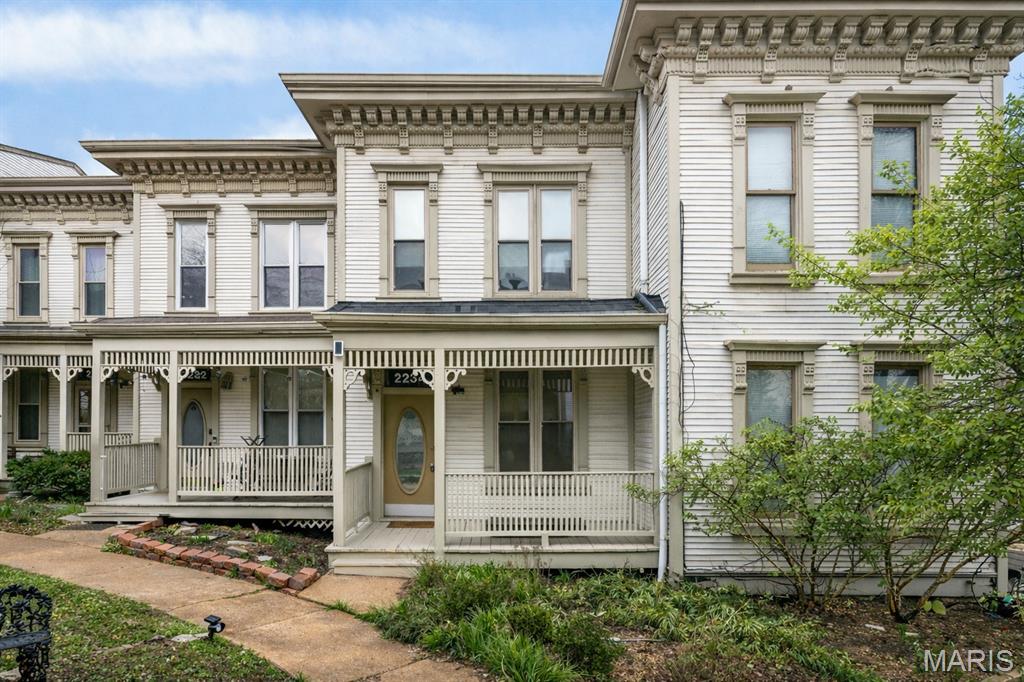 Photo of 2234 Hickory Street St Louis MO 63104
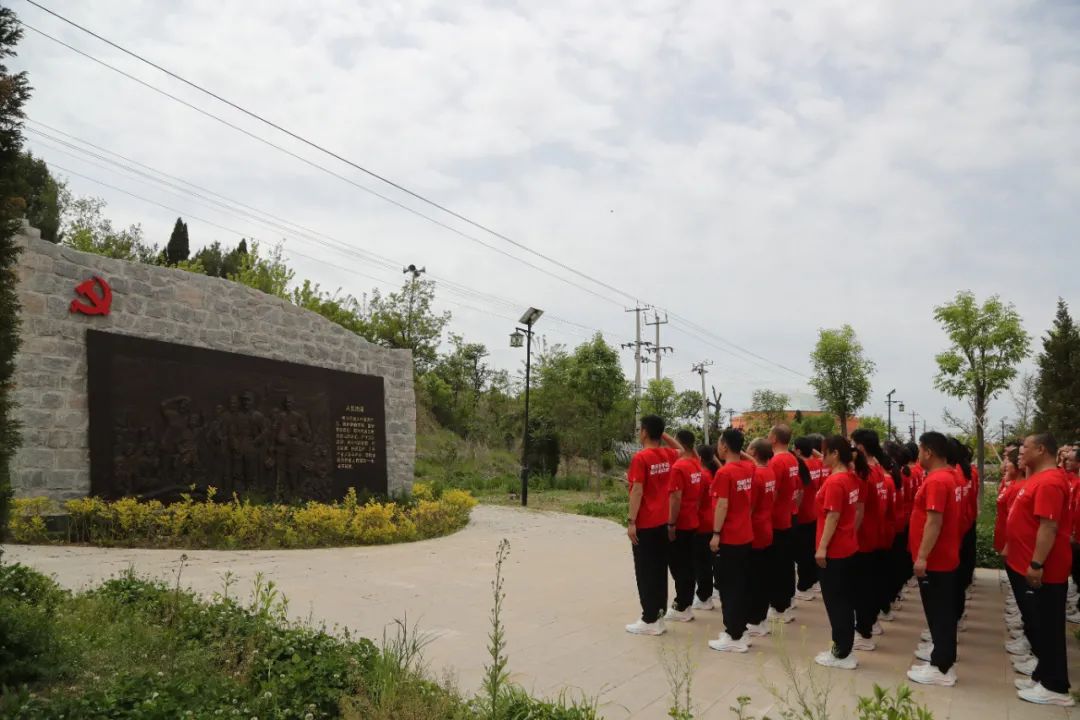 		第52站∣优德88集团“健跑百年路 斗争新征程”（地雷战纪念馆）运动在山东海阳乐成举行_企业动态_优德88集团有限公司	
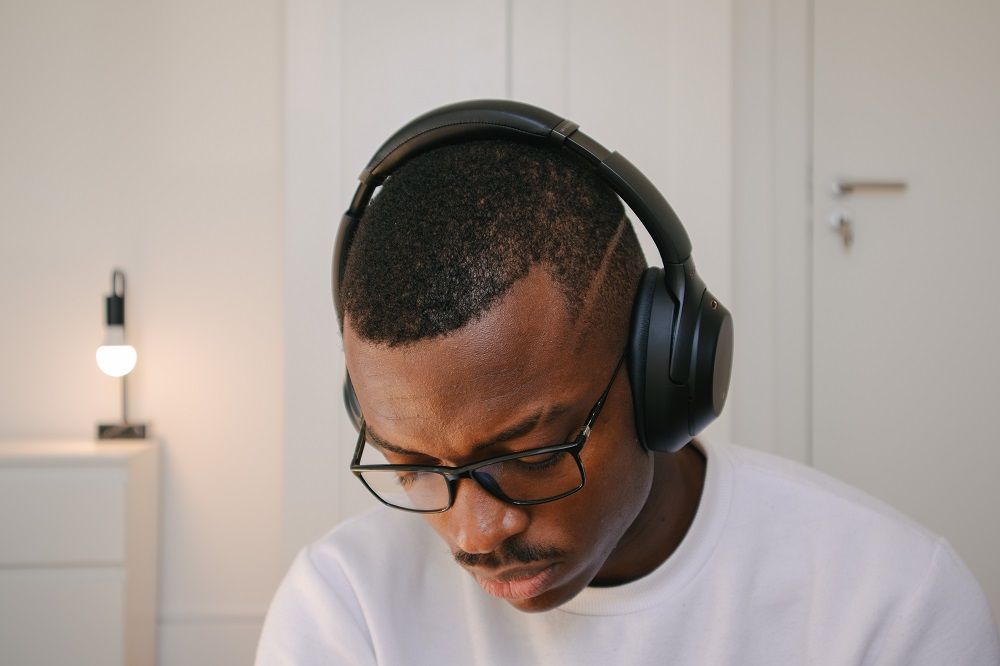 Your headphones, Headphones, Earphones, Headphone tips, Junk Mail, Photo by Nubelson Fernandes on Unsplash.jpg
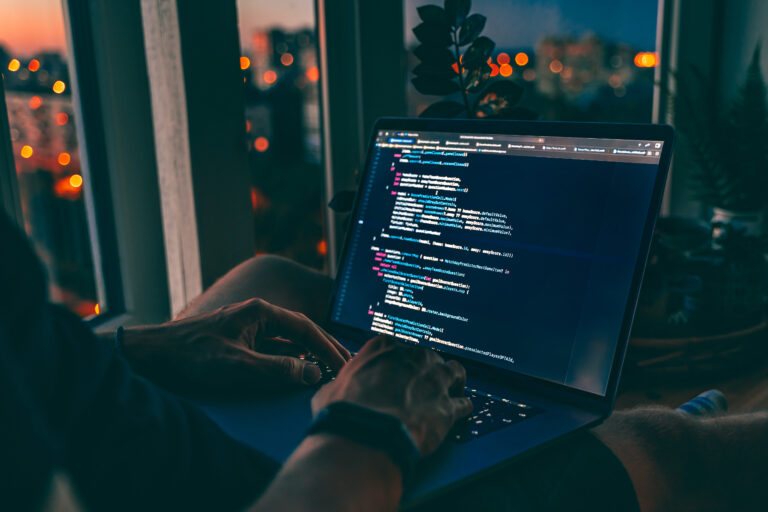 Vibe Coding: o que é e como surgiu essa tendência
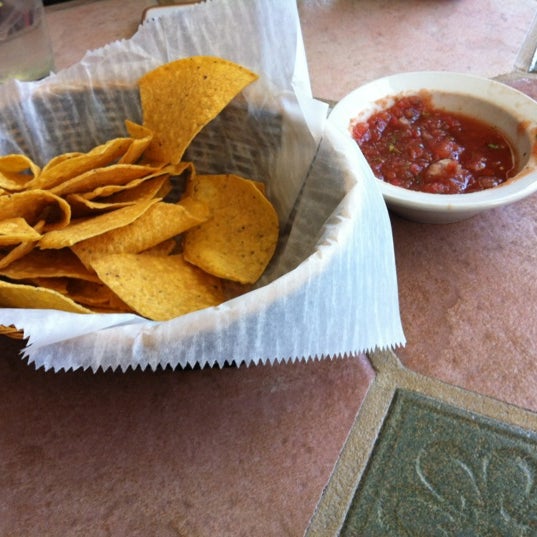 4/6/2012 tarihinde SoYung K.ziyaretçi tarafından La Torre Mexican Restaurant'de çekilen fotoğraf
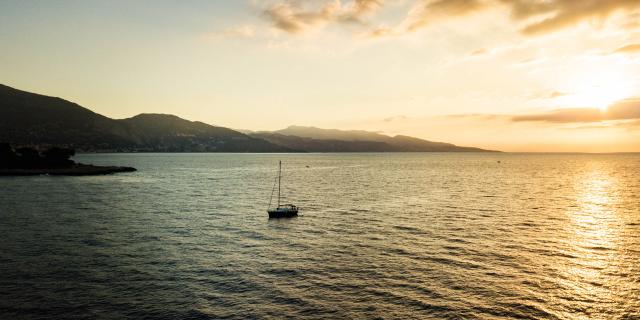 Bateau En Mer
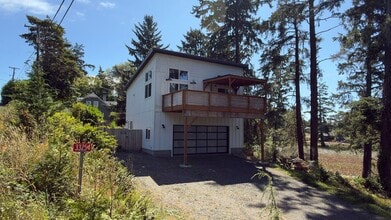 Building Photo - 33254 Columbia Beach Ln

#### DESCRIPTION OF THE TASK:
Leave out the pictures, and write out exactly the lines from the one containing "Your headphones, Headphones, Earphones, Headphone" through the last line of the listing, both included.

#### ANSWER SPACE:
 Your headphones, Headphones, Earphones, Headphone tips, Junk Mail, Photo by Nubelson Fernandes on Unsplash.jpg
 Vibe Coding: o que é e como surgiu essa tendência
 4/6/2012 tarihinde SoYung K.ziyaretçi tarafından La Torre Mexican Restaurant'de çekilen fotoğraf
 Bateau En Mer
 Building Photo - 33254 Columbia Beach Ln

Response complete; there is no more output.